Prove that if polynomial's $f(x)=x^6+ax^3+bx^2+cx+d$ , all roots are real, then $a=b=c=d=0$.

Question

$$f(x)=x^6+ax^3+bx^2+cx+d$$

I have some trouble proving it and all I know is that I should be using Vieta's formulas. Can anyone give me a hint?

Answer 1

Call $x_1 \ldots x_6$ the roots of $f$.
You have to show that if $x_1+ \ldots+ x_6 = x_1x_2+ x_1x_3 + \ldots + x_{n-2}x_n + x_{n-1}x_n = 0$,
then $x_1 = x_2 = \ldots = x_6 = 0$. Or, put another way, that $x_1^2 + x_2^2 + \ldots + x_6^2 = 0$ (because the roots are real)

Answer 2

If $f$ has six real roots then $f'$ has five, $f''$ has four, $f'''$ has three. Now $f'''(x) = 120 x^3 + 6 a$ and this only has three real roots if $a = 0$. Then look at $f''$, $f'$ and $f$.

Answer 3

You have $f(x)=0$

Let $\alpha_1, \alpha_2 \dots, \alpha_6$ be the roots of the equation.

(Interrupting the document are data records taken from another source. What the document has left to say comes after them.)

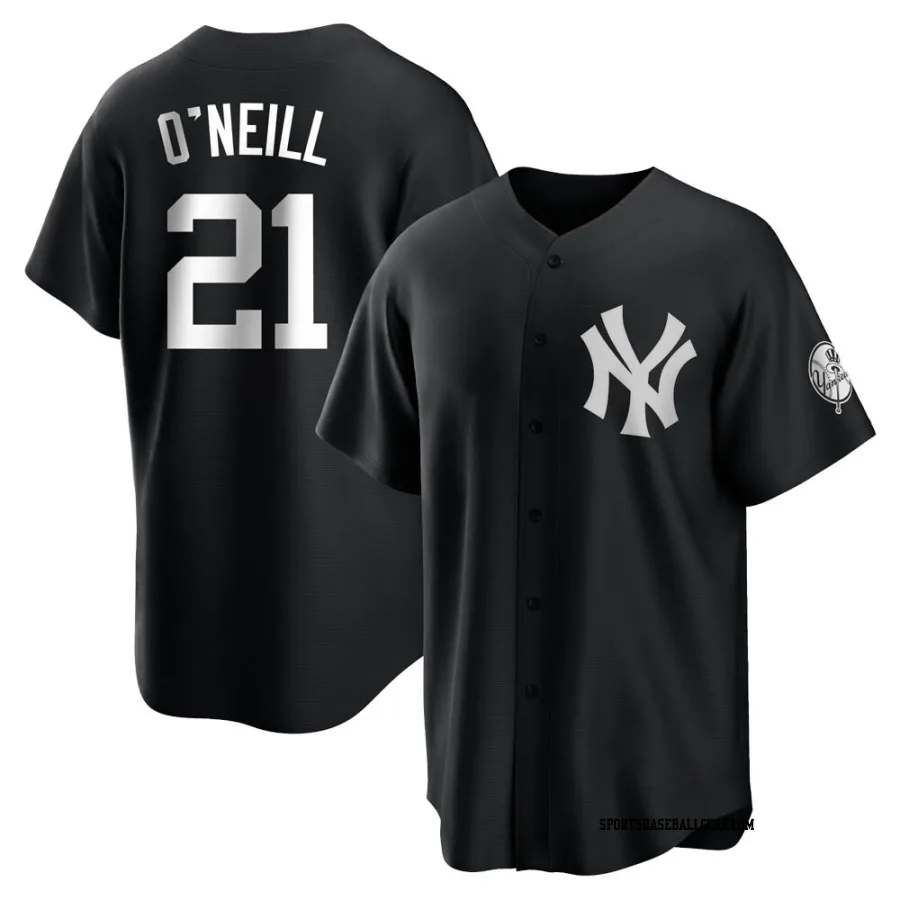 Paul O'Neill Men's New York Yankees Black/White Replica Jersey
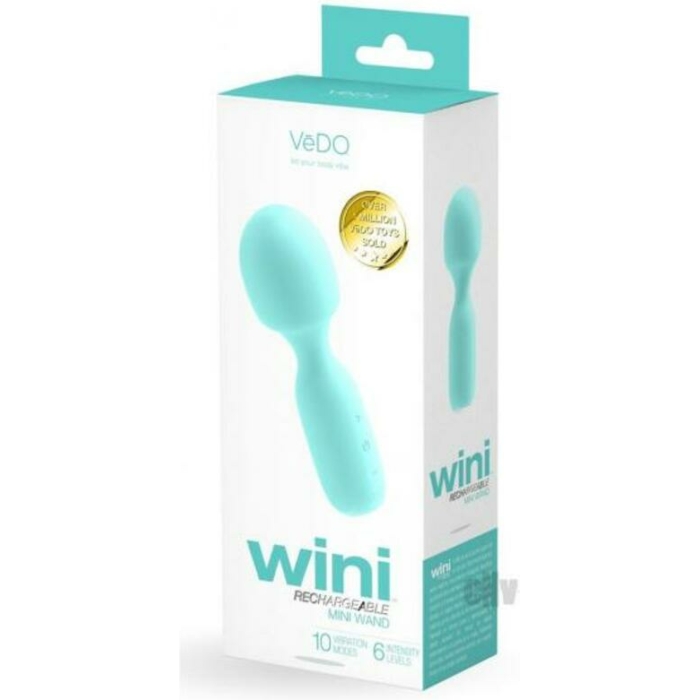 Vedo Wini Rechargeable Mini Wand Tease Me Turquoise - Image 1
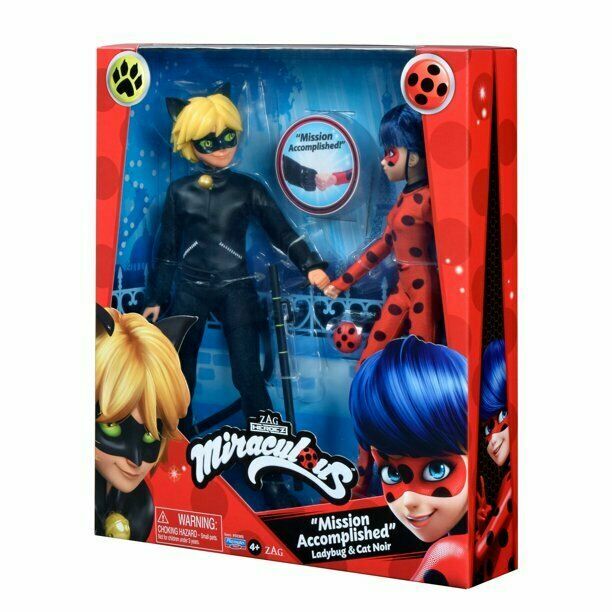 Miraculous Ladybug Cat Noir Doll 2 Pack Mission Accomplished MLB New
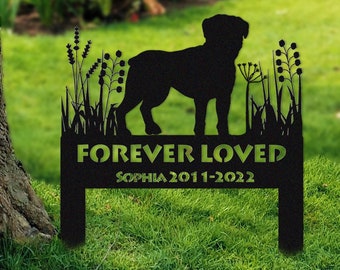 Boxer Hund Gedenkpfahl Zeichen personalisiert, Haustier Grab Marker Schild, Schild mit Pfahl, Haustier Verlust Geschenk, Sympathie Zeichen, Erinnerung Pfahl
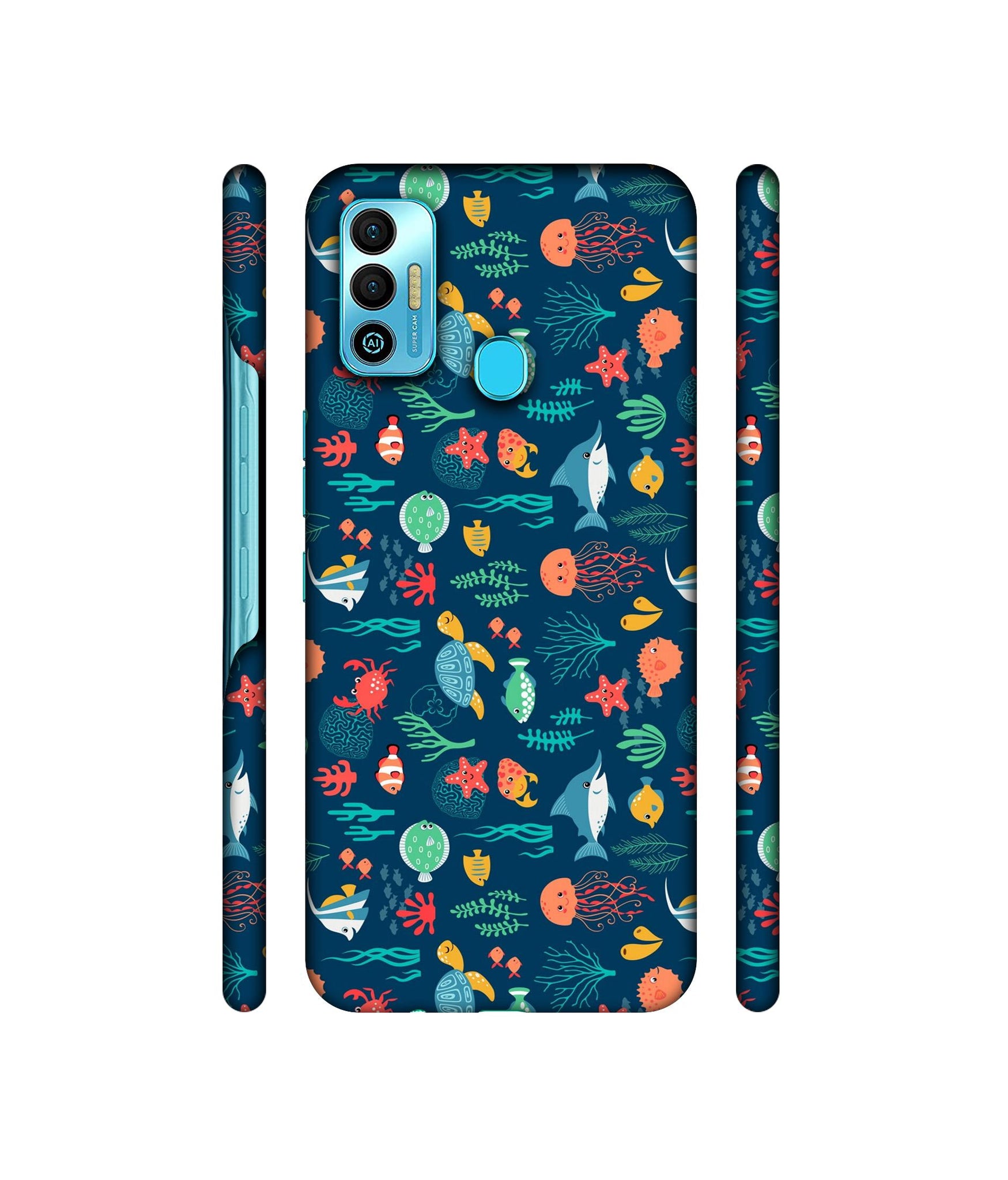 Aquarium Texture Designer Hard Back Cover for Tecno Spark 7T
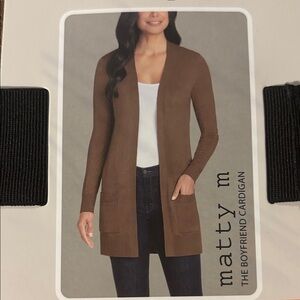 Matty M Women's Tobacco Boyfriend Cardigan Sweater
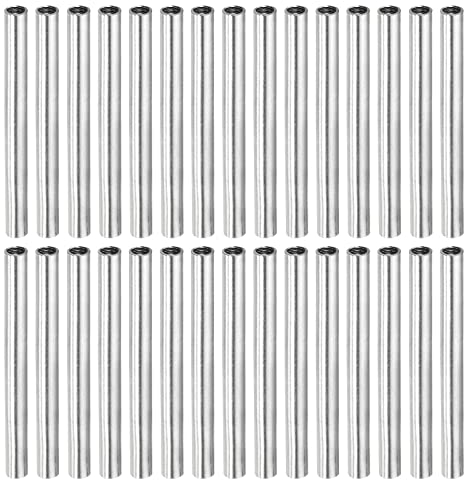sourcing map 30 Stück Runde Kupplung Mutter M4x0.7mm Innengewinde 50mm Gewinde Rund Hülse Verbinder Stange Bolzen Rohrmutter Hardware Befestigung Silber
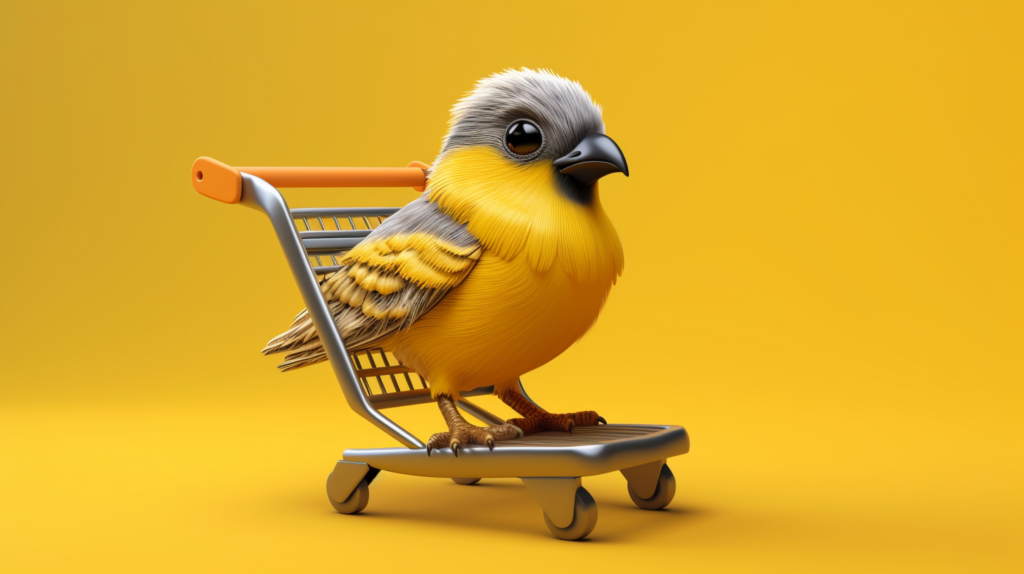yellow and gray bird perched on a trolley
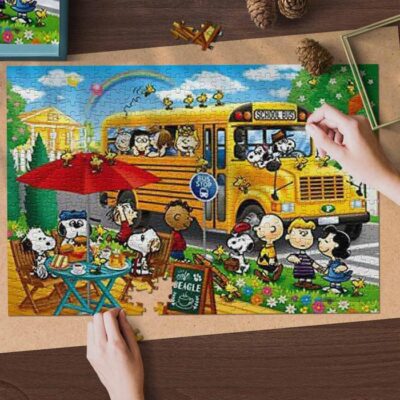 Snoopy's Beagle School Bus The Peanuts Cartoon 10 Gifts Lover Jigsaw Puzzle Game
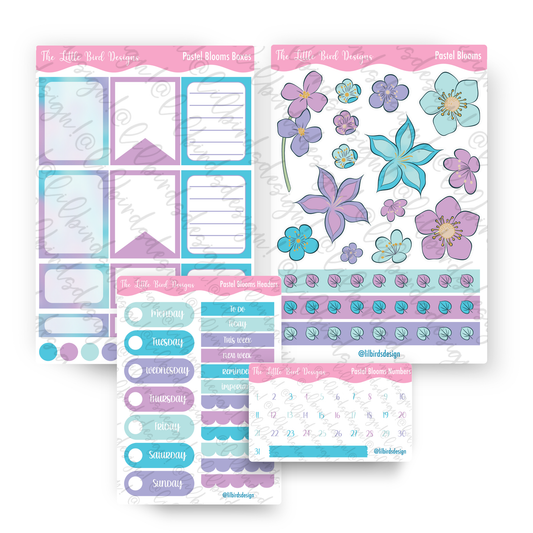 Pastel Blooms Stickers – Sticker Bundle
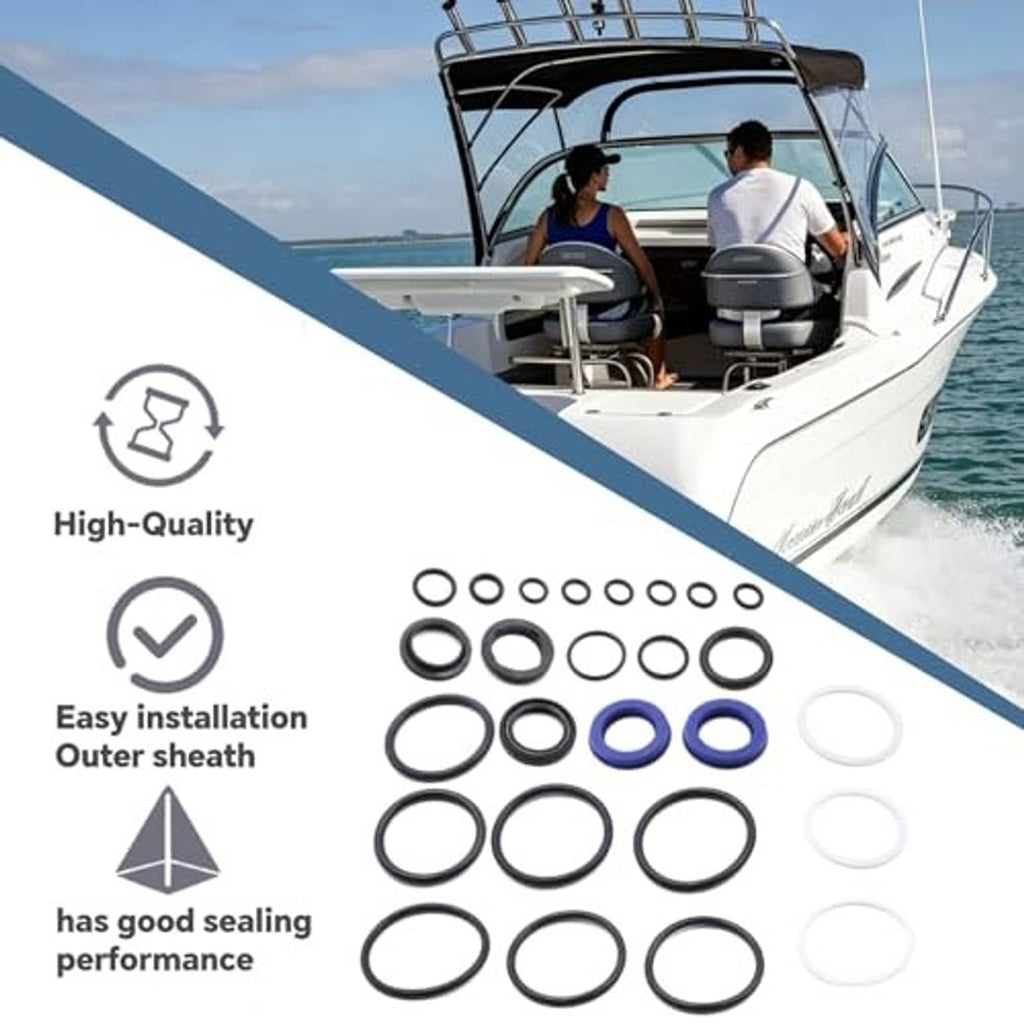 Tilt trim seal kit assortment of black O-rings and white seals with blue rings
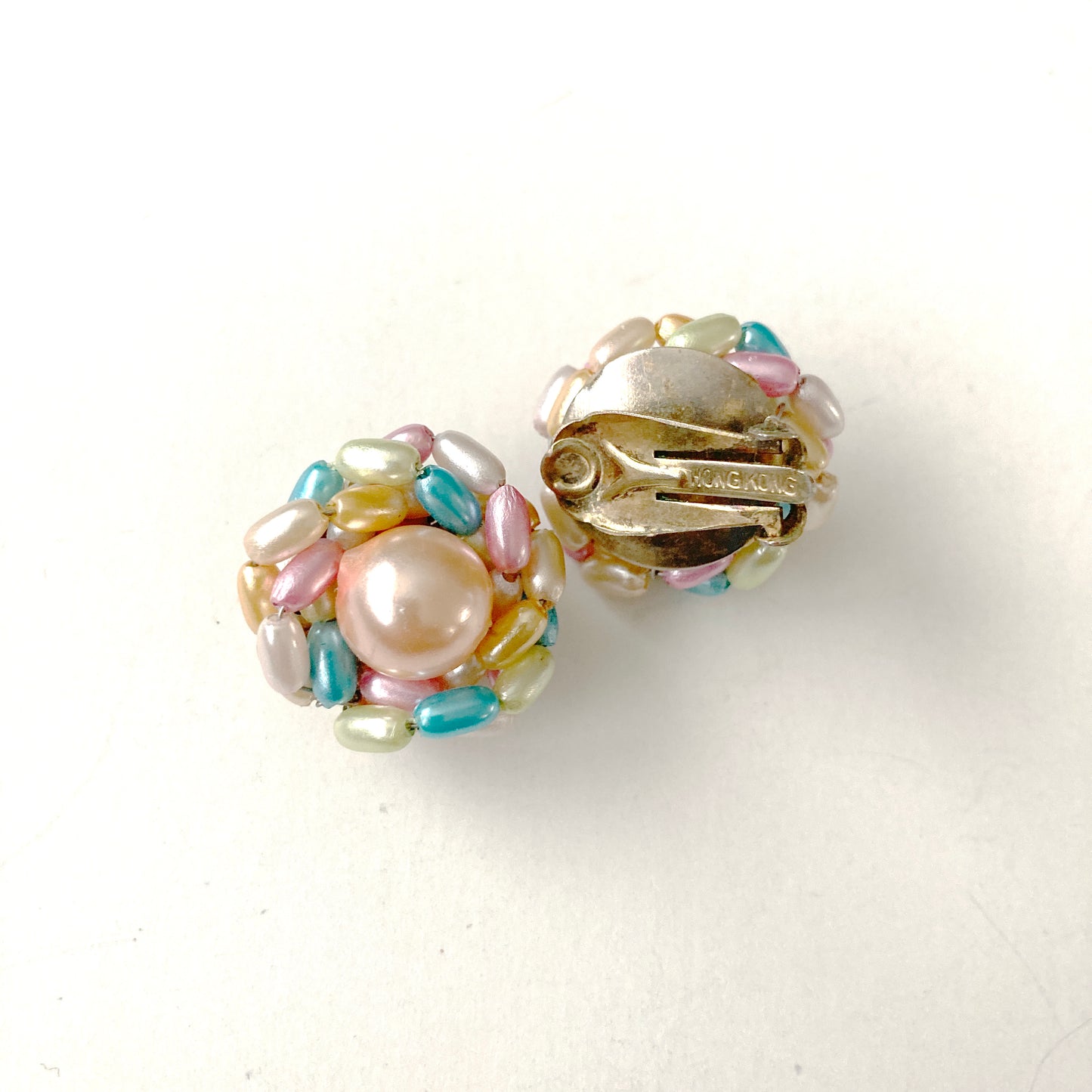 Pastel Pearlized Cluster Earrings Marked Hong Kong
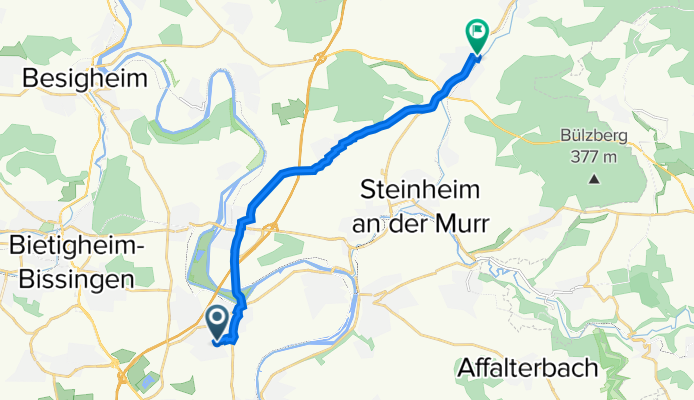 Max-Eyth-Straße 1, Freiberg am Neckar nach Hoftalstraße 2, Großbottwar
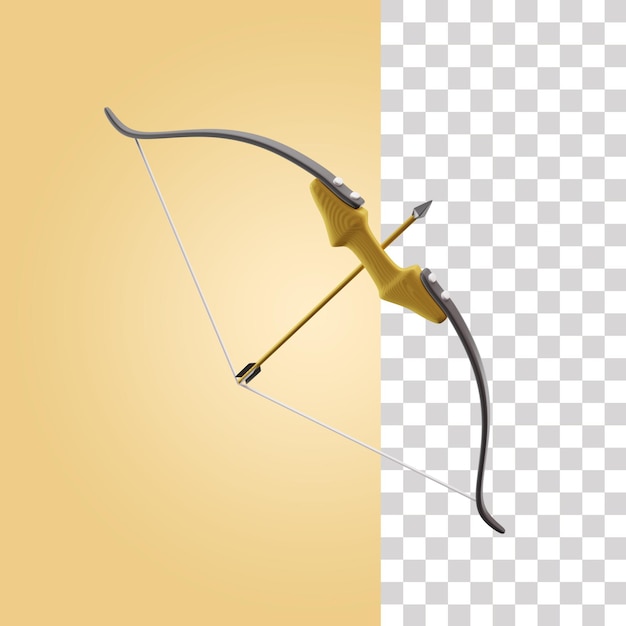 Ilustração 3d de tiro com arco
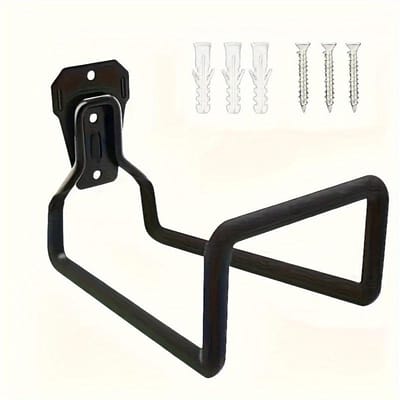 Zware Tuinslanghouder Roestbestendig Wandmontage Opbergrek voor Buiten Tuin en Garage Slangorganizer Moderne Duurzame Constructie zwart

$\sum_1^6 \alpha_k=\dfrac{0}{1}$ or simply $0$. (Why?)

$\sum_{1\le i \lt j \le 6} \alpha_i \alpha_j=0$

$(\sum_1^6 \alpha_k)^2-2\sum_{1\le i \lt j \le 6} \alpha_i \alpha_j= \sum_1^6\alpha_i^2=0 \implies \alpha_1= \cdots=\alpha_6=0$

Can you continue from here?